About this Research Topic
The development of high-throughput sequencing technology and the advent of omics approaches have been providing a solid basis for the systematic understanding of the function of human genes and the mechanism of cancers and chronic diseases. In the last years, the integration of multiple omics data has provided many advantages over single omics approaches in providing a more comprehensive understanding of the molecular basis of disease. For instance: the integration of genome-wide association studies (GWAS) data using Mendelian Randomization (MR) has been used widely in identifying causal phenotypes of human diseases; the integration of GWAS data and expression quantitative trait loci (eQTL) data using Summarized MR (SMR) can facilitate mining causal genes of human diseases; and the integration of microarray data and Next Generation Sequencing data using machine learning technology has been used to successfully identify gene signatures associated with clinically relevant molecular subtypes and prognosis in complex diseases. Though successful, the emergence of sequencing technologies such as single cell sequencing and metagenomics sequencing have posed more challenges for data integration methods. It is, therefore, essential to apply novel statistical methods and artificial intelligence approaches for integrating multiple omics data, such as single cell sequencing data, microbial Quantitative Trait Loci (mbQTL) data, and microbiome GWAS (mGWAS) data.
This Research Topic aims to showcase recent progress on studies around the following topics:
• Machine learning approaches and applications for integrating multi-level omics data.
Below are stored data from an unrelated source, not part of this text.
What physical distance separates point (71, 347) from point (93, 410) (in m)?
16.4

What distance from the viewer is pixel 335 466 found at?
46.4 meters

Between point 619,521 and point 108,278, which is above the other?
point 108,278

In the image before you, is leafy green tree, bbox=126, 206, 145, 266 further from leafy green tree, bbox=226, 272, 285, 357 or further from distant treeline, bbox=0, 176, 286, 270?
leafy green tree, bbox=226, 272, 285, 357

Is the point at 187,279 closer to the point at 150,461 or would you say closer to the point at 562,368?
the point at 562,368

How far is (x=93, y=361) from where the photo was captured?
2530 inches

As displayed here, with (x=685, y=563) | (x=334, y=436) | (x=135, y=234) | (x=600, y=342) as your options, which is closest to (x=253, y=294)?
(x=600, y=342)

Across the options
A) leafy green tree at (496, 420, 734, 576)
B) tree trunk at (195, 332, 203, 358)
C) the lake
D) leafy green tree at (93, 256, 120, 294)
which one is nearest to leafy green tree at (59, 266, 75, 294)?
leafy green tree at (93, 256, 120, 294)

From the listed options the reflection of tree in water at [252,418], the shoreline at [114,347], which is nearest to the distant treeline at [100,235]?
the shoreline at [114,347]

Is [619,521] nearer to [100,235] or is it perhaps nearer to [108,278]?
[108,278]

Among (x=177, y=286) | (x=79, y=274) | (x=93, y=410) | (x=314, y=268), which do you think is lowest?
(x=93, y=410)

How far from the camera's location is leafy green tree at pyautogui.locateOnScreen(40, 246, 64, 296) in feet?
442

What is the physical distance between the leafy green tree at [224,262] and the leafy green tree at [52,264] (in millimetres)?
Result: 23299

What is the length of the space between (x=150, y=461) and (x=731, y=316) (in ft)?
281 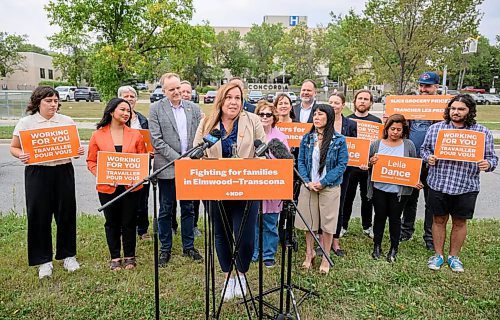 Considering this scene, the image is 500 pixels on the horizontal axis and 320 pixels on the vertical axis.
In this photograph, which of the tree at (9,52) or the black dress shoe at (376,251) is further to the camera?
the tree at (9,52)

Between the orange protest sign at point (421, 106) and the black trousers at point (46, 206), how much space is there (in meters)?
4.11

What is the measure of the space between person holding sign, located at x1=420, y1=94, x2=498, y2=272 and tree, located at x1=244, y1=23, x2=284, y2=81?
2364 inches

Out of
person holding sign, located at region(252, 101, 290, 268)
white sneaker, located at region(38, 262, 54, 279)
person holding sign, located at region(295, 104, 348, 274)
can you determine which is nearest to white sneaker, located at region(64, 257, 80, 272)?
white sneaker, located at region(38, 262, 54, 279)

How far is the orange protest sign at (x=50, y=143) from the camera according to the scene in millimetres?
3832

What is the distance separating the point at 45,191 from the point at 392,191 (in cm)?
378

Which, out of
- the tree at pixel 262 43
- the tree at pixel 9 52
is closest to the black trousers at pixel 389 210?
the tree at pixel 9 52

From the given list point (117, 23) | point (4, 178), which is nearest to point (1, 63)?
point (117, 23)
• Statistical methods and applications for integrating multi-level omics data.
• Identification and validation of molecular biomarker for cancers and chronic diseases
• Tools and databases for integrating and analyzing omics data.
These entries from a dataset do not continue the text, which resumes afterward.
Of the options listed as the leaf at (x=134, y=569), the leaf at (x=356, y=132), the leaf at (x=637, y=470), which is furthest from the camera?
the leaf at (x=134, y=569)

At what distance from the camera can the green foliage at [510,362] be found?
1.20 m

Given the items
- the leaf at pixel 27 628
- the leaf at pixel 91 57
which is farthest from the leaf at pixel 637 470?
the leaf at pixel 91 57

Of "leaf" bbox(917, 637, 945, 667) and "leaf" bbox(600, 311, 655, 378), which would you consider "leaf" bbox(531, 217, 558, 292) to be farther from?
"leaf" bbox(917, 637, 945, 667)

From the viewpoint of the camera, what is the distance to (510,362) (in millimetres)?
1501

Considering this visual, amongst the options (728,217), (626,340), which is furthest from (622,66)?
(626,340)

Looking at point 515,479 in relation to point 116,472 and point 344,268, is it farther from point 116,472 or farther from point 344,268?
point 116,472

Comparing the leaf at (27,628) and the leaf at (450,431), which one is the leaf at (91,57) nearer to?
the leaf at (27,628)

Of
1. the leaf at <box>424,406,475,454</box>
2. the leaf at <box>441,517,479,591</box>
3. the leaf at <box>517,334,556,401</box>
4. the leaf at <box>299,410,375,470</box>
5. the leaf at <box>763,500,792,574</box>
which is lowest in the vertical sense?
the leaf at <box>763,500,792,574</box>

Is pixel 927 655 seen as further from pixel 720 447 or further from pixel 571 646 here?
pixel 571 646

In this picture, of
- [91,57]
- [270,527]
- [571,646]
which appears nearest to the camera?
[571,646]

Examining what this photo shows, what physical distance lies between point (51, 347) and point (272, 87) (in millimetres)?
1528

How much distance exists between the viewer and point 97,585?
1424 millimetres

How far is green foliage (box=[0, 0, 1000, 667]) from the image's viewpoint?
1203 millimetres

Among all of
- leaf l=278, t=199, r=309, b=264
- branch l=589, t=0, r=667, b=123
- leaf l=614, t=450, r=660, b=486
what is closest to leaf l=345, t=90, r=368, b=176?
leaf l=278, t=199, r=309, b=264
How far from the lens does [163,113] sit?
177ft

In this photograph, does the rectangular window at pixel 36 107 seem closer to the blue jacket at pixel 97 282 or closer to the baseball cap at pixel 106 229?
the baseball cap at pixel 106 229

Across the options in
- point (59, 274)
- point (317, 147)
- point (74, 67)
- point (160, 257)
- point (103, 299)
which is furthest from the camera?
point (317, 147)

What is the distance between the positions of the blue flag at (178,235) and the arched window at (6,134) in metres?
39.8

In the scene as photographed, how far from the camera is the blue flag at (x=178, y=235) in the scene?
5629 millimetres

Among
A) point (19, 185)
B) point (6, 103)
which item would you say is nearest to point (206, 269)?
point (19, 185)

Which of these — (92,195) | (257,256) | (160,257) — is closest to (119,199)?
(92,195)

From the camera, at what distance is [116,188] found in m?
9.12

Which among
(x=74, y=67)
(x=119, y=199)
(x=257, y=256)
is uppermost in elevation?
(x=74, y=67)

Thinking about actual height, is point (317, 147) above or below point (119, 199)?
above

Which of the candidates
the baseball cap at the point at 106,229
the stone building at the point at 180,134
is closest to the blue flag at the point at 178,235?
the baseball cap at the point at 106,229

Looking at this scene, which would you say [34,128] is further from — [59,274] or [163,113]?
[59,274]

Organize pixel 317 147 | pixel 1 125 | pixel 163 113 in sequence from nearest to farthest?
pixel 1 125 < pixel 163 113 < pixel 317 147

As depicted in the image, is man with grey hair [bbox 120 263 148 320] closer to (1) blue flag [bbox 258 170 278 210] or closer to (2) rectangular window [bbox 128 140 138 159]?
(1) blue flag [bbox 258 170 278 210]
• Pan-cancer analysis and validation through integrating multi-level omics data.
• Novel findings on molecular biomarkers and signatures of cancers and chronic diseases.
• Identification of novel prognostic biomarkers of cancers and chronic diseases.
Please note: The findings based on data integration should be also validated by observational/experimental data. Descriptive studies and studies consisting solely of bioinformatic investigation of publicly available genomic/transcriptomic data do not fall within the scope of the journal.
Important Note: All contributions to this Research Topic must be within the scope of the section and journal to which they are submitted, as defined in their mission statements. Frontiers reserves the right to guide an out-of-scope manuscript to a more suitable section or journal at any stage of peer review.